[Data excerpts]

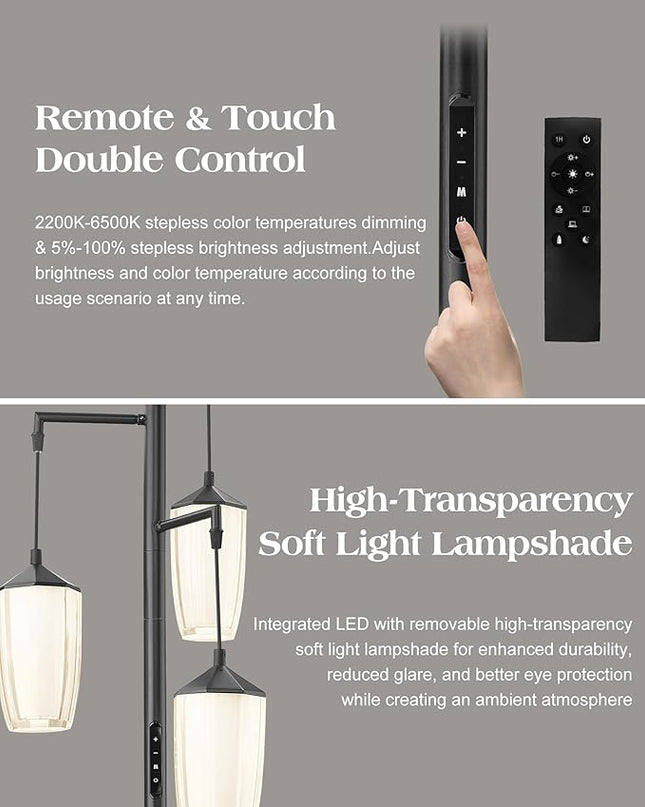 ELYONA Modern Dimmable Floor Lamp, 3-Light Standing Lamp with Remote & Touch Control, Stepless Adjustable 2200K-6500K Colors & Brightness 24W LED Reading Light for Bedroom Living Room Office, Black - LeafyLoom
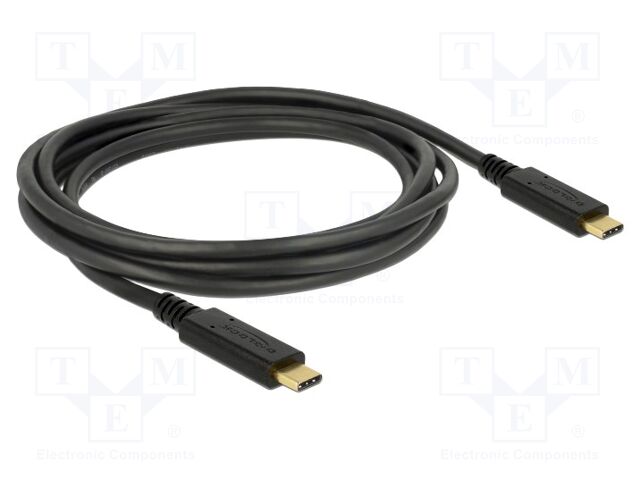 Cable; USB C plug,both sides; 2m; black; 22AWG,30AWG; 10Gbps; 3A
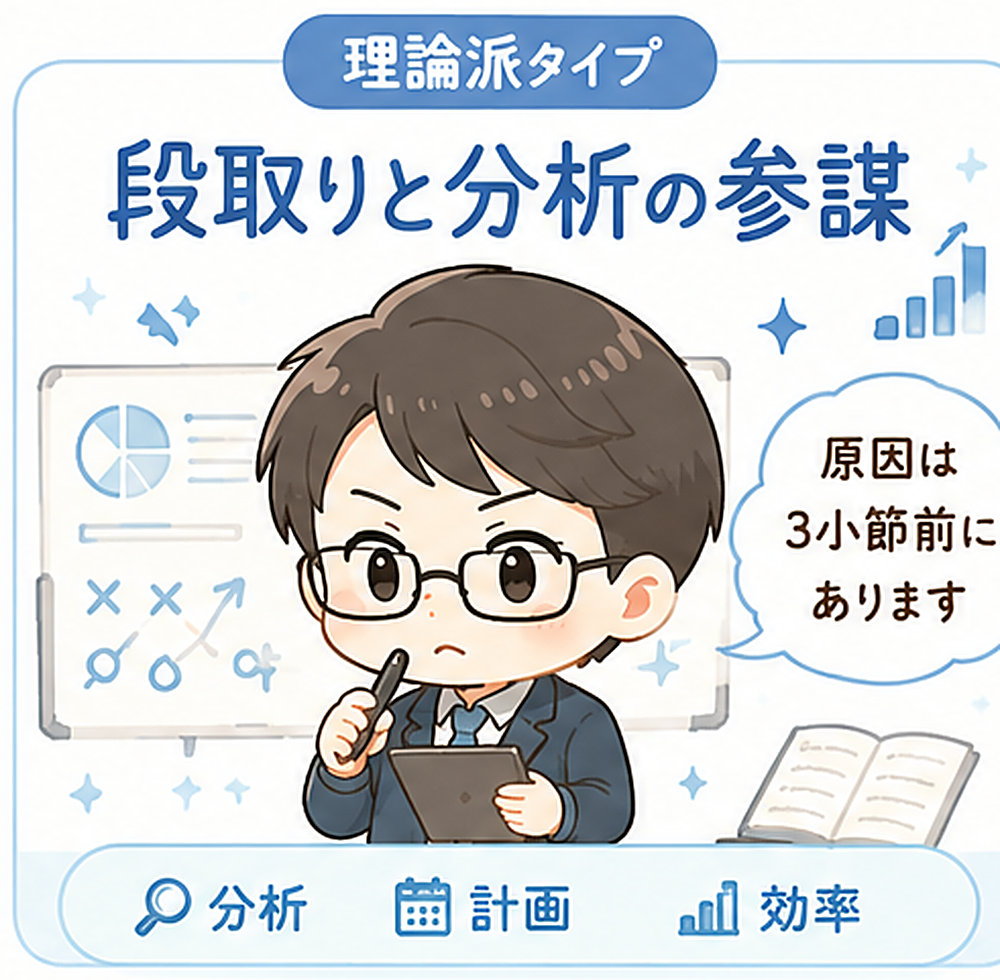 理論派タイプ 段取りと分析の参謀 のイラストカード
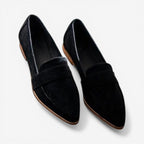Women's Suede Loafers Pointed Toe Slip-On Flats Cushioned Insole Black — Main Image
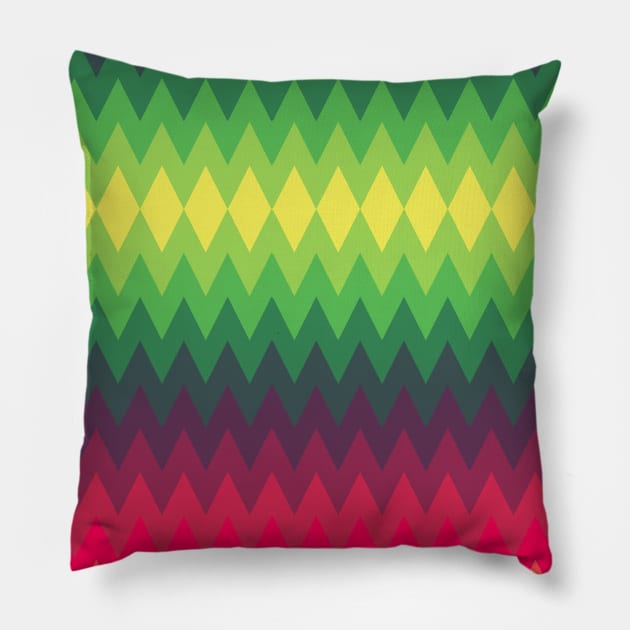 Yellow Green Pink Zigzags Pillow by saradaboru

[Task description] A faithful, complete copy of the records above is required, one that contains no pictures.

[Task answer]
 ELYONA Modern Dimmable Floor Lamp, 3-Light Standing Lamp with Remote & Touch Control, Stepless Adjustable 2200K-6500K Colors & Brightness 24W LED Reading Light for Bedroom Living Room Office, Black - LeafyLoom
 Cable; USB C plug,both sides; 2m; black; 22AWG,30AWG; 10Gbps; 3A
 理論派タイプ 段取りと分析の参謀 のイラストカード
Women's Suede Loafers Pointed Toe Slip-On Flats Cushioned Insole Black — Main Image
 Yellow Green Pink Zigzags Pillow by saradaboru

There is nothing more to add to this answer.